— Смотри, чтобы папа не услышал, засмеялась она. — Он с ума сойдет, если первое слово его сына будет на суахили. Он хочет разговаривать с тобой на своем языке и о своей родине. Скажи лучше «Леобшютц». Или уж хотя бы «Зорау».
Регина слишком поздно поняла, что поступает сейчас так же глупо, как совсем молодой стервятник, который поспешными криками приманивает своих соплеменников и вынужден разделить с ними свою добычу.
Она позволила своей фантазии загнать себя в такую пропасть, из которой невозможно было выбраться целым и невредимым. Из прекрасной игры со слушателем, который никогда не отвечал и, следовательно, всегда давал правильный ответ, получилась действительность с ухмыляющейся рожей. А она напомнила о ссорах родителей, которые теперь повторялись так же регулярно, как вой гиен в ночном Ол’ Джоро Ороке.

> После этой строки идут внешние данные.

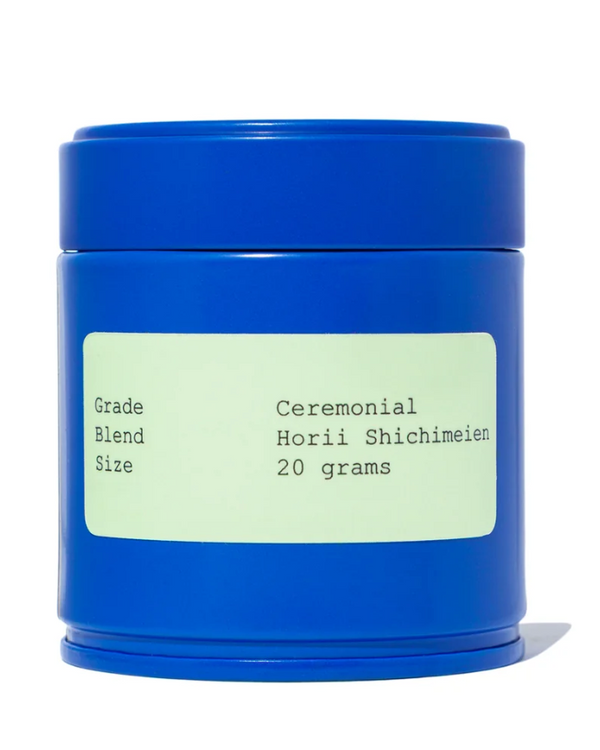 Ceremonial Horii Shichimeien Matcha Tin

Еще тогда Регина поняла, что слово «Германия», как только отец произносил первый слог, приносило заботы и огорчения. Но с некоторых пор «Германия» стала для всех угрозой более страшной, чем все непонятные слова, которых Регина научилась бояться, когда была ребенком. Если она не успевала вовремя закрыть уши до начала беспощадной войны между родителями, то они все время слышали о прощании, которое представлялось ей еще болезненнее, чем прощание с фермой, которую она никак не могла забыть, несмотря на все усилия и свое обещание Мартину.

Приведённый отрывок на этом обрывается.